I don’t think marriage counselling is a good idea. Both from previous experience and from what I’ve read on here. He is likely to use counselling to try and minimise what he did and get the counsellor on his side to put you back in your place. You’d like to hope they would be wise to this behaviour, but when I tried to have counselling with my ex I was accused of “escalating ridiculously” by calling the police to get angry DP removed from my home after he kicked a bin across my kitchen, leaving me cowering behind a table in fear telling him to get out, while he stood there basically saying “make me”. You’d like to think a counsellor would hear that and immediately say that’s unacceptable but he didn’t, he tried to say we were both equally at fault at this point. It’s dangerous going to see someone as a couple. By all means get individuals counselling to help you with your boundaries and confidence to build a life after this. But don’t waste time money or energy trying to fix this with him.

RoyKentsChestHair · 07/02/2022 01:41

@RevFrancisSeaton

I've not really got any proper friends either

If I left and also only had the kids part time I'd be so alone

So you use that time to build a network of friends. To learn new skills, meet new people, enjoy your life. It can be lonely no doubt. But it’s also an opportunity. The first night my DCs stayed with their dad I cried my eyes out! But you soon start to look forward to a bit of me time.
Mogwig · 07/02/2022 01:47

Personally I think that with knowledge of his threatening behaviour, he'd be asked to leave and let you live in the family home.

Don't let on to him that you are worried about money.

I'd distance myself from him over the next few weeks, and talk to a solicitor just for info.

What you want and need is for him to be contrite and never do this again.

Your kids as they adore him would be better off with the status quo maintained, SO LONG AS he's never been like this before and never is again.

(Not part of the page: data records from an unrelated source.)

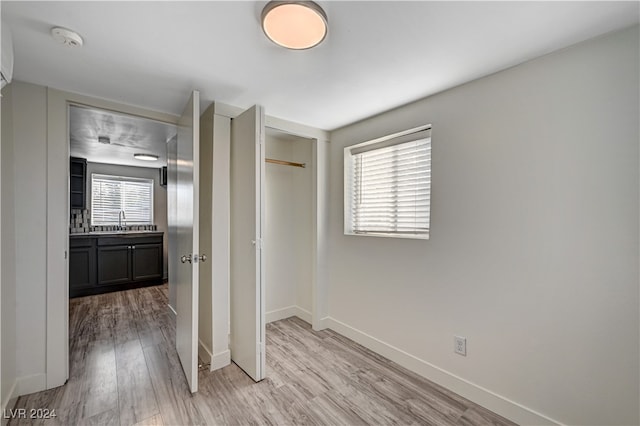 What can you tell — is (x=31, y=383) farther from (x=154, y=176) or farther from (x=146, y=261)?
(x=154, y=176)

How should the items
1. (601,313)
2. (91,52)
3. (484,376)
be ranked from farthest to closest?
(484,376)
(91,52)
(601,313)

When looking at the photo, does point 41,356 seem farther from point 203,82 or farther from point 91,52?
point 203,82

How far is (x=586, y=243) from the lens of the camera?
148 centimetres

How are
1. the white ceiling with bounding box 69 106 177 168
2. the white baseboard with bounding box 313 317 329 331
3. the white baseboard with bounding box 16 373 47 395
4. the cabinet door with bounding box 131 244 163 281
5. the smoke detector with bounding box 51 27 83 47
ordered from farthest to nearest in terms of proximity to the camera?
1. the cabinet door with bounding box 131 244 163 281
2. the white baseboard with bounding box 313 317 329 331
3. the white ceiling with bounding box 69 106 177 168
4. the white baseboard with bounding box 16 373 47 395
5. the smoke detector with bounding box 51 27 83 47

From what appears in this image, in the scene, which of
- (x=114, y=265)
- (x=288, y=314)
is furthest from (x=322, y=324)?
(x=114, y=265)

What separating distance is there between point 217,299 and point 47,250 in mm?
1236

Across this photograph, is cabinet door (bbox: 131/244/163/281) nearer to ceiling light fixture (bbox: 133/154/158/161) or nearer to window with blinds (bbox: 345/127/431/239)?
ceiling light fixture (bbox: 133/154/158/161)

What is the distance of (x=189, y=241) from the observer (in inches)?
79.6

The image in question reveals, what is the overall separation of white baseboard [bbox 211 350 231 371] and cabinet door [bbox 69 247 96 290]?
333cm

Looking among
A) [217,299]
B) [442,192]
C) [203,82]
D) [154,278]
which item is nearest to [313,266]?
[217,299]

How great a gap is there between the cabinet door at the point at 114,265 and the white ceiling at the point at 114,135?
151cm

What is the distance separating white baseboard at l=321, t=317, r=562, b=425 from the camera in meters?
1.67

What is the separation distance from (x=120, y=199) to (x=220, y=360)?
4.39 metres

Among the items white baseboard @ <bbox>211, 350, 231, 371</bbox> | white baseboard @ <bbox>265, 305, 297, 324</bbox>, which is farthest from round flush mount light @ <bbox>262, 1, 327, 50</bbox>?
white baseboard @ <bbox>265, 305, 297, 324</bbox> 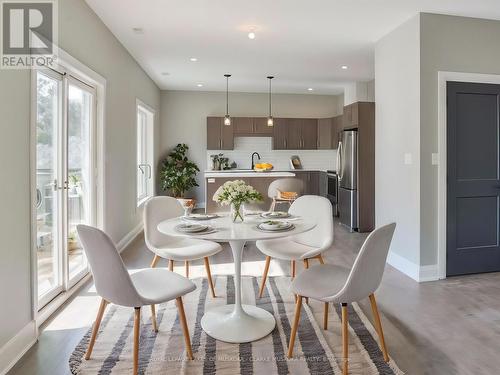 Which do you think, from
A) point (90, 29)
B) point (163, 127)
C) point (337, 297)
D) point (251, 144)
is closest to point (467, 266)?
point (337, 297)

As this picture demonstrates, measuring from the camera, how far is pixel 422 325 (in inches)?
99.3

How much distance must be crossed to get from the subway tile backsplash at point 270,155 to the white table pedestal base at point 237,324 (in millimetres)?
5513

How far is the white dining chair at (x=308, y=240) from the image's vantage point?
2688 mm

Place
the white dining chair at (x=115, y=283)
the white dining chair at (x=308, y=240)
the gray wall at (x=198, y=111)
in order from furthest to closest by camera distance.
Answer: the gray wall at (x=198, y=111), the white dining chair at (x=308, y=240), the white dining chair at (x=115, y=283)

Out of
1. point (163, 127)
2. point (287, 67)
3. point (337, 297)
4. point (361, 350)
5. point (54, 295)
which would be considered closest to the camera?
point (337, 297)

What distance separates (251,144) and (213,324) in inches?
235

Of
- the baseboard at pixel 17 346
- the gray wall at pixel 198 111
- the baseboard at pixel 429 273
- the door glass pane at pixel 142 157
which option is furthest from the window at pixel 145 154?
A: the baseboard at pixel 429 273

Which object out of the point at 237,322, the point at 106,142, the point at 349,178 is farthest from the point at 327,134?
the point at 237,322

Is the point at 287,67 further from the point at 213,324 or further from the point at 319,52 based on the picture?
the point at 213,324

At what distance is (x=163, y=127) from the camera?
784 cm

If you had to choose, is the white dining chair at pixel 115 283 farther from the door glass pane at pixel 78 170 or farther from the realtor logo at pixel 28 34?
the door glass pane at pixel 78 170

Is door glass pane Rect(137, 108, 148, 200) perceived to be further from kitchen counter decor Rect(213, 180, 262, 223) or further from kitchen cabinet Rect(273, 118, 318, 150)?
kitchen counter decor Rect(213, 180, 262, 223)

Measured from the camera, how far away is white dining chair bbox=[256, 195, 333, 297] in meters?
2.69

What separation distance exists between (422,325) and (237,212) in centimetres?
155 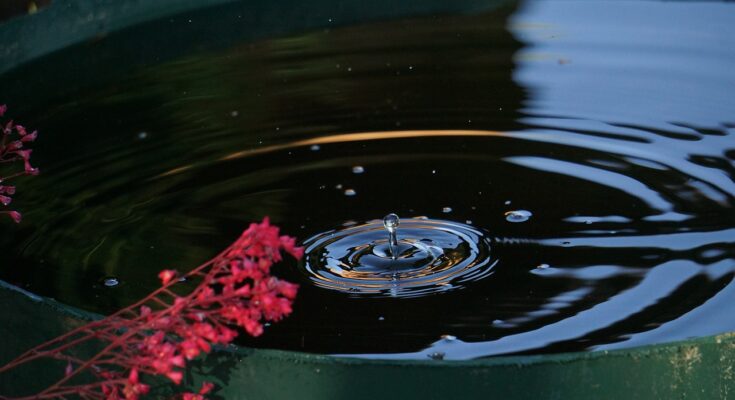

So if possible, repair this.

Possibly insist on counselling.

1forAll74 · 07/02/2022 02:03

Sounds like a phrase that is said in a bit of an angry arguement, and could be said as a jokey thing also.. It would depend on if your husband is apt to be a proper threatening person all the time if you have a lot of arguements etc.

Midlifemusings · 07/02/2022 02:56

Since at this point it doesn't seem you are leaning towards leaving - is he remorseful? Does he realize how threatening he was? Is he open to anger management / counselling? Can you see a path forward if he 'gets' it? It sounds like in some of your comments that this isn't a one off but more of a continuation of how he treats you generally. Do you feel respected by him other than this incident?

Can you speak to a solicitor just to know your options, it is good to feel you are fully informed as sometimes there are options you aren't aware of.

ThinWomansBrain · 07/02/2022 03:09

you left your previous abusive marriage and survived - I appreciate it's hard, but you know that you did it before.

If he's previously made "jokes" about keeping the children if you split up, it doesn't sound great, even before the recent raising fist incident.

Talk to womensaid - make a getaway plan, even if you don't act on it right away.

Hadharra · 07/02/2022 03:45

Yes talk to women's aid and tell them everything. Everything abusive he's ever done including this incident. It'll either be eye opening or it won't be. If you ever ended up in court, a document outlining any abuse from before you left is worth it's weight in gold. Speaking from experience. Sorry op x

notanothertakeaway · 07/02/2022 08:22

I think it's quite telling that his reactionwhwn challenged was to be defensive and claim he was joking, rather than to apologise, be mortified and take himself out for a walk to calm down

Onlyforcake · 07/02/2022 08:24

You know you need to end this. If nothing changes he will feel confident that he can get away with it.